How do you know they are only working with ASCII?  They might be /now/.
But what if someone else uses the program a couple years later when the
original author is no longer maintaining that chunk of code?

> 2. They get screwed up string output, look for the reason, patch up
> their code with some functions from std.utf and will never make the same
> mistakes again.
> 

Except they don't.  Because there are a lot of programmers that will
never put in non-ascii strings to begin with.  But that has nothing to
do with whether or not the /users/ or /maintainers/ of that code will
put non-ascii strings in.  This could make some messes.

> 
> I have *never* seen an user in D.learn complain about it. They might
> have been some I missed, but it is certainly not a prevalent problem.
> Also, just because an user can type .rep does not mean he understands
> Unicode: He is able to make just the same mistakes as before, even more
> so, as the array he is getting back has the _wrong element type_.
> 

You know, here in America (Amurica?) we don't know that other countries
exist.  I think there is a large population of programmers here that
don't even know how to enter non-latin characters, much less would think
to include such characters in their test cases.  These programmers won't
necessarily be found on the internet much, but they will be found in
cubicles all around, doing their 9-to-5 and writing mediocre code that
the rest of us have to put up with.  Their code will pass peer review
(their peers are also from America) and continue working just fine until
someone from one of those confusing other places decides to type in the
characters they feel comfortable typing in.  No, there will not be
/tests/ for code points greater than 0x80, because there is no one
around to write those.  I'd feel a little better if D herds people into
writing correct code to begin with, because they won't otherwise.

...

There's another issue at play here too: efficiency vs correctness as a
default.

Here's the tradeoff --

Option A:
char[i] returns the i'th byte of the string as a (char) type.
Consequences:
(1) Code is efficient and INcorrect.
(2) It requires extra effort to write correct code.
(3) Detecting the incorrect code may take years, as these errors can
hide easily.

Option B:
char[i] returns the i'th codepoint of the string as a (dchar) type.
Consequences:
(1) Code is INefficient and correct.
(2) It requires extra effort to write efficient code.
(3) Detecting the inefficient code happens in minutes.  It is VERY
noticable when your program runs too slowly.


This is how I see it.

And I really like my correct code.  If it's too slow, and I'll /know/
when it's too slow, then I'll profile->tweak->profile->etc until the
slowness goes away.  I'm totally digging option B.
December 31, 2011
Re: string is rarely useful as a function argument
On 12/31/2011 01:13 PM, Timon Gehr wrote:
> On 12/31/2011 06:32 PM, Chad J wrote:
>> On 12/30/2011 05:27 PM, Timon Gehr wrote:
>>> On 12/30/2011 10:36 PM, deadalnix wrote:
>>>>
>>>> The #1 quality of a programmer is to act like he/she is a morron.
>>>> Because sometime we all are morrons.
>>>
>>> The #1 quality of a programmer is to write correct code. If he/she acts
>>> as if he/she is a moron, he/she will write code that acts like a moron.
>>> Simple as that.
>>
>> Tsk tsk.  Missing the point.
> 
> Not at all. And I don't take anyone seriously who feels the need to 'Tsk
> tsk' btw.
> 

Well, you've certainly a right to it.

I just take it a little rough when it seems like someone's words are
being intentionally misread.

>>
>> I believe what deadalnix is trying to say is this:
>> Programmers should try to write correct code, but should never trust
>> themselves to write correct code.
>>
> 
> No, programmers should write correct code and then test it thoroughly.
> 'Trying to' is the wrong way to go about anything. And there is no need
> to distrust oneself.
> 

There's a perfect reason to distrust oneself: oneself is a squishy
meatbag that makes mistakes.

Repeated "trying" with rigor applied will lead to success.
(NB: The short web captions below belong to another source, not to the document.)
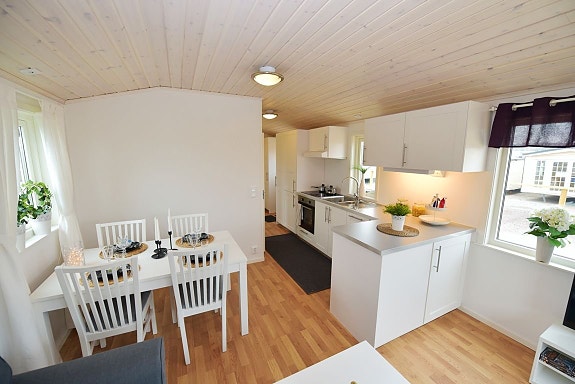 MNAB Resort Svenskbyggt fritidshus 4 of 21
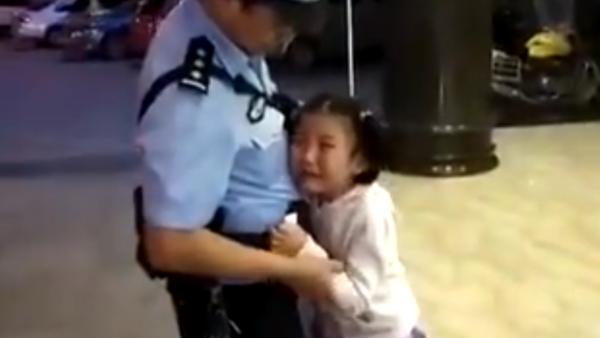 贵州一民警因公多日未回家，街头巡逻偶遇女儿相拥而泣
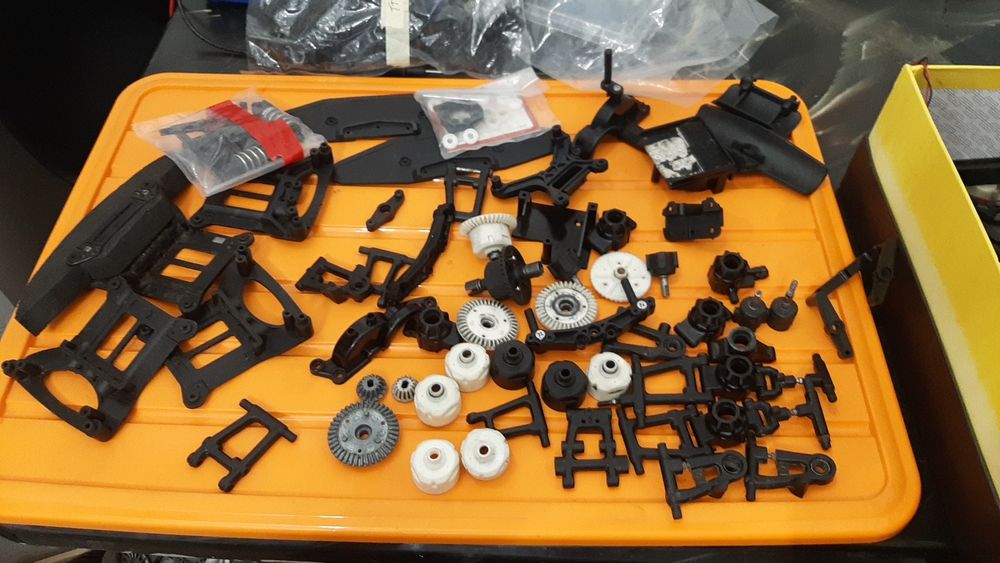 Продам запчасти tamiya Tt01 Tt02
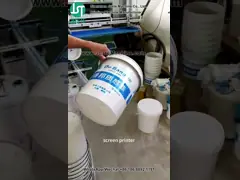 Printer layar melengkung Mencetak Logo Untuk Ember Plastik (5)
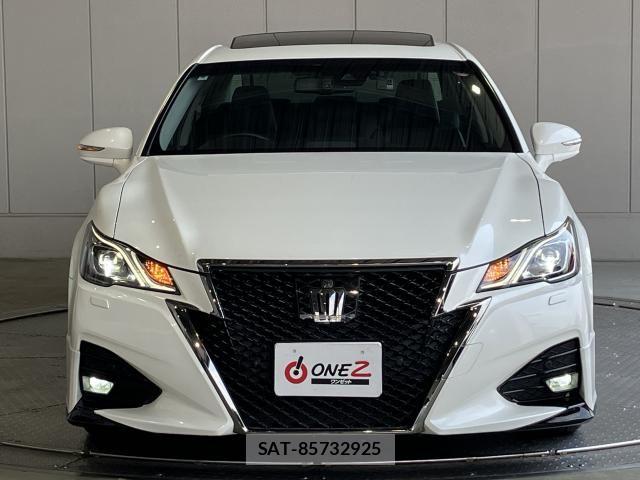 Toyota CROWN SEDAN 2018-02 8411773-26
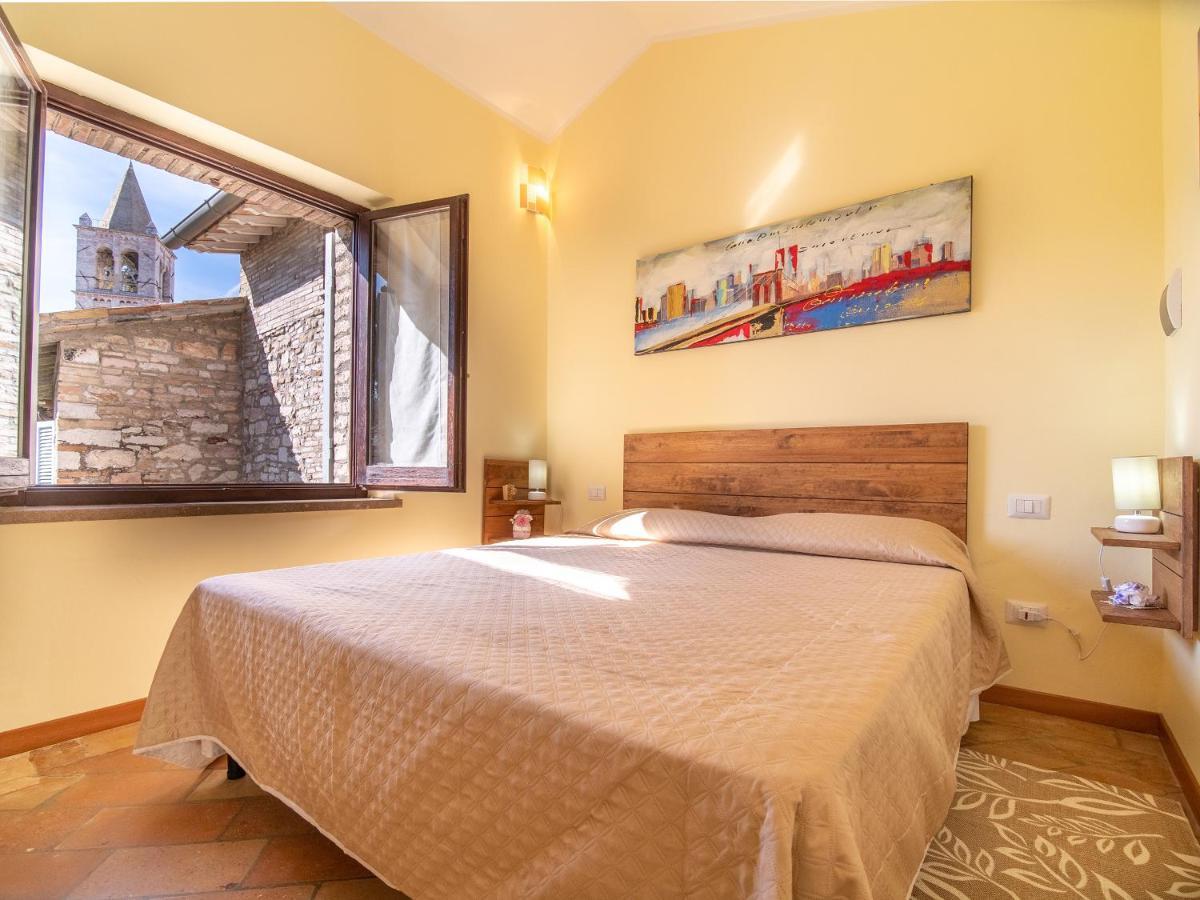 Отель Terrazza Santa Chiara Ассизи Экстерьер фото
> Anyway, I have a _very hard time_ translating 'acting like a moron' to
> 'writing correct code'.
> 

I'm pretty sure it's suggestive.  If an intelligent or careful person
acts like a moron, then they will be forced to assume that they will
make mistakes, and therefore take measures to ensure that the ALL
mistakes are caught and fixed or mitigated.  That is how you get from
'acting like a moron' to 'writing correct code'.

>> ...
>>
>> Programs worth writing are complex enough that there is no way any of us
>> can write them perfectly correct code on first draft.  There is always
>> going to be some polishing, and maybe even /a lot/ of polishing, and
>> perhaps some complete tear downs and rebuilds from time to time.  "Build
>> one to throw away; you will anyways."  If you tell me that you can
>> always write correct code the first time and you never need to go back
>> and fix anything when you do testing (you do test right?) then I will
>> have a hard time taking you seriously.
> 
> Testing is the main part of my development. Furthermore, I use
> assertions all over the place.
> 
>>
>> That said, it is extremely pleasant to have a language that catches you
>> when you inevitably fall.
> 
> That is why I also like Haskell.

I hear ya.  I feel Haskell is an important language to understand, if
not know how to use effectively.  I wish I knew how to use it better
than I do, but I haven't had too many projects that are amenable to it.
December 31, 2011
Re: string is rarely useful as a function argument
On 12/31/11 10:47 AM, Michel Fortin wrote:
> On 2011-12-31 15:03:13 +0000, Andrei Alexandrescu
> <SeeWebsiteForEmail@erdani.org> said:
>
>> On 12/31/11 8:17 CST, Michel Fortin wrote:
>>> At one time Java and other frameworks started to use UTF-16 as
>>> if they were characters, that turned wrong on them. Now we know that not
>>> even code points should be considered characters, thanks to characters
>>> spanning on multiple code points. You might call it perfect, but for
>>> that you have made two assumptions:
>>>
>>> 1. treating code points as characters is good enough, and
>>> 2. the performance penalty of decoding everything is tolerable
>>
>> I'm not sure how you concluded I drew such assumptions.
>
> 1: Because treating UTF-8 strings as a range of code point encourage
> people to think so. 2: From things you posted on the newsgroup
> previously. Sorry I don't have the references, but it'd take too long to
> dig them back.

That's sort of difficult to refute. Anyhow, I think it's great that 
algorithms can use types to go down to the representation if needed, and 
stay up at bidirectional range level otherwise.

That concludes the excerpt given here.